## Task brief
From the data underneath, reproduce exactly the stretch that begins at the line with "Unique 585 Rose" and ends after the line with "Valentina recebeu o".

## Data section

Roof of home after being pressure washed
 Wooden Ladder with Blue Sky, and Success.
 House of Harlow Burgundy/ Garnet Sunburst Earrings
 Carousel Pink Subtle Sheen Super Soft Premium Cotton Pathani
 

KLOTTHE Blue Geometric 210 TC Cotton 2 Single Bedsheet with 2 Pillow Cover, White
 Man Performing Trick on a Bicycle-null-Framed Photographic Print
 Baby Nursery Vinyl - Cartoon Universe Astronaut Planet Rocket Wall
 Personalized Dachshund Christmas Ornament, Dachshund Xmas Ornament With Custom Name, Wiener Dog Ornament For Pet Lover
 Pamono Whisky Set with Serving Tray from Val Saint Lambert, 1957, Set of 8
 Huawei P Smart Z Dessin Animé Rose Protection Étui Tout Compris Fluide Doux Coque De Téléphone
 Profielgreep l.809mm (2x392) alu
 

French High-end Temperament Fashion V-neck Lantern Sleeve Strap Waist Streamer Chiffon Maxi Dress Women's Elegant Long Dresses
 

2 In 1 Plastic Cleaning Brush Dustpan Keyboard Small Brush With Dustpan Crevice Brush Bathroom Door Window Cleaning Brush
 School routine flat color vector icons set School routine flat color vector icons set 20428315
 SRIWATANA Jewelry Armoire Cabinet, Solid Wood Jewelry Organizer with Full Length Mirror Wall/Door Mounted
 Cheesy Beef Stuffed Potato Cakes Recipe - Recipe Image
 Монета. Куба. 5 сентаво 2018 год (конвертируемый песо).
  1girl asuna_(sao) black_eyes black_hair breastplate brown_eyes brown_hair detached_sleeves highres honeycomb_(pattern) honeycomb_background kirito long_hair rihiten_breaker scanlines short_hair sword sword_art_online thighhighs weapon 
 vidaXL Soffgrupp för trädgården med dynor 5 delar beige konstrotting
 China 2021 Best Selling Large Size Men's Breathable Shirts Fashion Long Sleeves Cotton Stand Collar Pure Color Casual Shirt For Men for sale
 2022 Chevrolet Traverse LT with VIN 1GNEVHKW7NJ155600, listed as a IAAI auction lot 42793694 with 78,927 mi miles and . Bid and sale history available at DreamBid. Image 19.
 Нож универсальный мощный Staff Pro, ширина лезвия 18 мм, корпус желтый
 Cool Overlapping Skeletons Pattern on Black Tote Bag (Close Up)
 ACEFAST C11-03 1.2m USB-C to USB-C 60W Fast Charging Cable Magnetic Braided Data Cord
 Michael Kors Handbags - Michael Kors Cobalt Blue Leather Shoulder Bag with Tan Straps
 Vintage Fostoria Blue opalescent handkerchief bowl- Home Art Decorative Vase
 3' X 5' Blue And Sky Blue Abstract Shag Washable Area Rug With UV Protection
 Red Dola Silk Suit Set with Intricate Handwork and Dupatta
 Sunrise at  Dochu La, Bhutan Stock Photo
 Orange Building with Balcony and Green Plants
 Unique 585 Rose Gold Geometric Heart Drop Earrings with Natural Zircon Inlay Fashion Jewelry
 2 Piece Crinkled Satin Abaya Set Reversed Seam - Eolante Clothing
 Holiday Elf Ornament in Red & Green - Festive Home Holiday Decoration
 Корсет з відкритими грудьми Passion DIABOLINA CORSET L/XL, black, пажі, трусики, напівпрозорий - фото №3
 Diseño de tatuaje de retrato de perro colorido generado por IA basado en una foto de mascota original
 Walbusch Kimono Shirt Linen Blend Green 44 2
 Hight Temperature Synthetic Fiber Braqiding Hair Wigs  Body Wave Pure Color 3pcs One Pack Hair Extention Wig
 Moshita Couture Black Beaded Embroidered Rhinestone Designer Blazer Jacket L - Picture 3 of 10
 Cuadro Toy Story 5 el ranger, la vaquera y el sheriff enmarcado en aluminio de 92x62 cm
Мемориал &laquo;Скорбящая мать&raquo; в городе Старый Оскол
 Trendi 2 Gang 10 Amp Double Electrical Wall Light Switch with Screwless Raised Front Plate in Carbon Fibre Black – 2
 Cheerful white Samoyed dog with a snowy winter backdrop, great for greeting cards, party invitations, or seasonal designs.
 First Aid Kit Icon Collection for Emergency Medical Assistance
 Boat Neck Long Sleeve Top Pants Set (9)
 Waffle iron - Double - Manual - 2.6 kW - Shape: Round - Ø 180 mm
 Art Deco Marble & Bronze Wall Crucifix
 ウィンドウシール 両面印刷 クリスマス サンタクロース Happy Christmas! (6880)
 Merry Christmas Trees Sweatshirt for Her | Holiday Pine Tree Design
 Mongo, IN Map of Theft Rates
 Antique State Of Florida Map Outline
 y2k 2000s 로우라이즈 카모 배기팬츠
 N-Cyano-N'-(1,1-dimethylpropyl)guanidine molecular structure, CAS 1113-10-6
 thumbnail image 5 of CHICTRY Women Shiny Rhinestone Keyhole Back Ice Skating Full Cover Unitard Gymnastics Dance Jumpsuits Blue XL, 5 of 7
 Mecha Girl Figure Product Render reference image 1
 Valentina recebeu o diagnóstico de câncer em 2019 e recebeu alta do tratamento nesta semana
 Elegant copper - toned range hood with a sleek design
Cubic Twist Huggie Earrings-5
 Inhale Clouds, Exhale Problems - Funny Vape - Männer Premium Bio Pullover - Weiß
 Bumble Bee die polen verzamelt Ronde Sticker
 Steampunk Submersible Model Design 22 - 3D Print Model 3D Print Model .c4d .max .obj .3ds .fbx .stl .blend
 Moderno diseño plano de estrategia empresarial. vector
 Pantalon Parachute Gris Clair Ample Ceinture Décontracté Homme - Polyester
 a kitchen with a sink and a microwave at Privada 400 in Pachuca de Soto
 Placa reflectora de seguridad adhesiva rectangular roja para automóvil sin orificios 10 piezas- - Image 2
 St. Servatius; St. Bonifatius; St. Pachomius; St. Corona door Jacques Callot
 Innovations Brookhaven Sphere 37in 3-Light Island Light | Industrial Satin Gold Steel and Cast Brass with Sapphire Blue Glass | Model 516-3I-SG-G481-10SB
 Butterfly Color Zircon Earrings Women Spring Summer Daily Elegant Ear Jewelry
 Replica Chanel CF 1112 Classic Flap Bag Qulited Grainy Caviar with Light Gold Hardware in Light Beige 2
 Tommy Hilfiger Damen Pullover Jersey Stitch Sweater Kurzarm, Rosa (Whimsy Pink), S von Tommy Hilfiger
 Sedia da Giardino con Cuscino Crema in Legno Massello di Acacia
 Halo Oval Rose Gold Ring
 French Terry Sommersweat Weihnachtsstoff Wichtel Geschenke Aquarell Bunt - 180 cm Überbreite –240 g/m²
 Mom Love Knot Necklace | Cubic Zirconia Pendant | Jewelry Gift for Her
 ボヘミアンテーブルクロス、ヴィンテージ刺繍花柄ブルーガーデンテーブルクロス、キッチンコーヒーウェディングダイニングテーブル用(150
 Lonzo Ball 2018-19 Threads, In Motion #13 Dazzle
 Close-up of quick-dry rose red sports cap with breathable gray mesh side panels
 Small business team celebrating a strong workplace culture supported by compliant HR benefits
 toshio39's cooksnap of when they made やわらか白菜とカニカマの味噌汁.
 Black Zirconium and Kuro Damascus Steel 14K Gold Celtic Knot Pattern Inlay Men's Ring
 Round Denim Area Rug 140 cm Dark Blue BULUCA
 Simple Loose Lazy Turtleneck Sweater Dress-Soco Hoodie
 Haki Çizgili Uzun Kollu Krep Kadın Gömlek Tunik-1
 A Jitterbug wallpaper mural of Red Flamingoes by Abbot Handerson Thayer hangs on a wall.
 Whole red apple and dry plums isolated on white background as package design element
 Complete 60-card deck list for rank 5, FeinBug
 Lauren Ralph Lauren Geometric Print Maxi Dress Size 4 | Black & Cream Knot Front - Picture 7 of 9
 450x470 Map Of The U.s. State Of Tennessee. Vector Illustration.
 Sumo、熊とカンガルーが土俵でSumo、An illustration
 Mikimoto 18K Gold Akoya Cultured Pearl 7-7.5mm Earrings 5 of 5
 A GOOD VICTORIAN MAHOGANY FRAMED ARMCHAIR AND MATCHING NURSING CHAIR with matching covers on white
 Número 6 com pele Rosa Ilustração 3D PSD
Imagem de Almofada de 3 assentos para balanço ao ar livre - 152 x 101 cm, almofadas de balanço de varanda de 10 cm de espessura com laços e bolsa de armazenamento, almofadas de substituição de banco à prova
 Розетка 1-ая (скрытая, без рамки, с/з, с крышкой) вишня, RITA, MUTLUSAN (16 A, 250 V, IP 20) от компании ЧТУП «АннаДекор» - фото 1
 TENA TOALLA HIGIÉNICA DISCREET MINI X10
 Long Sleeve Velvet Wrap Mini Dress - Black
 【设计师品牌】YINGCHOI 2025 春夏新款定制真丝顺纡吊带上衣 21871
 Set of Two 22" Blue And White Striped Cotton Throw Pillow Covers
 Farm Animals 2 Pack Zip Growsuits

## Answer below
 Unique 585 Rose Gold Geometric Heart Drop Earrings with Natural Zircon Inlay Fashion Jewelry
 2 Piece Crinkled Satin Abaya Set Reversed Seam - Eolante Clothing
 Holiday Elf Ornament in Red & Green - Festive Home Holiday Decoration
 Корсет з відкритими грудьми Passion DIABOLINA CORSET L/XL, black, пажі, трусики, напівпрозорий - фото №3
 Diseño de tatuaje de retrato de perro colorido generado por IA basado en una foto de mascota original
 Walbusch Kimono Shirt Linen Blend Green 44 2
 Hight Temperature Synthetic Fiber Braqiding Hair Wigs  Body Wave Pure Color 3pcs One Pack Hair Extention Wig
 Moshita Couture Black Beaded Embroidered Rhinestone Designer Blazer Jacket L - Picture 3 of 10
 Cuadro Toy Story 5 el ranger, la vaquera y el sheriff enmarcado en aluminio de 92x62 cm
Мемориал &laquo;Скорбящая мать&raquo; в городе Старый Оскол
 Trendi 2 Gang 10 Amp Double Electrical Wall Light Switch with Screwless Raised Front Plate in Carbon Fibre Black – 2
 Cheerful white Samoyed dog with a snowy winter backdrop, great for greeting cards, party invitations, or seasonal designs.
 First Aid Kit Icon Collection for Emergency Medical Assistance
 Boat Neck Long Sleeve Top Pants Set (9)
 Waffle iron - Double - Manual - 2.6 kW - Shape: Round - Ø 180 mm
 Art Deco Marble & Bronze Wall Crucifix
 ウィンドウシール 両面印刷 クリスマス サンタクロース Happy Christmas! (6880)
 Merry Christmas Trees Sweatshirt for Her | Holiday Pine Tree Design
 Mongo, IN Map of Theft Rates
 Antique State Of Florida Map Outline
 y2k 2000s 로우라이즈 카모 배기팬츠
 N-Cyano-N'-(1,1-dimethylpropyl)guanidine molecular structure, CAS 1113-10-6
 thumbnail image 5 of CHICTRY Women Shiny Rhinestone Keyhole Back Ice Skating Full Cover Unitard Gymnastics Dance Jumpsuits Blue XL, 5 of 7
 Mecha Girl Figure Product Render reference image 1
 Valentina recebeu o diagnóstico de câncer em 2019 e recebeu alta do tratamento nesta semana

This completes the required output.